House prices have not yet fallen far enough

Wednesday 07 January 2009 01:00 GMT
Comments

Once again you print a story about falling house prices. ("Even slight optimism dashed for UK housing", 6 January) The title and the tone of the piece suggest that you believe falling house prices to be a bad thing. How can this be when you mention that 750,000 potential buyers were locked out of the market between 2003 and 2007? Surely falling prices are a very good thing indeed?

For most people, especially young people seeking a first home, it is very welcome news indeed. Not only will a roof over their heads become more affordable but all that money which has been regularly sucked into the wealth-absorbing, parasitic mortgage and finance industries this last 10 years will be available for other purposes, such as consumer goods and services. It may even percolate through to the wealth-creating industrial sector.

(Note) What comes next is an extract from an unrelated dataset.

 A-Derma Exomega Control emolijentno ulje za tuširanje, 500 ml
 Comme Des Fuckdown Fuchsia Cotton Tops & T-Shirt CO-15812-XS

Hopefully for all of us, the average house price still has some way to fall. Recent history suggests so. In the last 10 years, average UK house prices have risen from £92,000 in 1999 to £153,000 in 2008. This latter figure is still far too high. Over the same period average annual wages have risen from £21,000 to about £25,000. If house prices and average wages had both risen in line with general inflation over those ten years, then the average house would be selling today at about £121,000 and the ratio of house prices to annual wages would be near its sustainable historic level of 4.5.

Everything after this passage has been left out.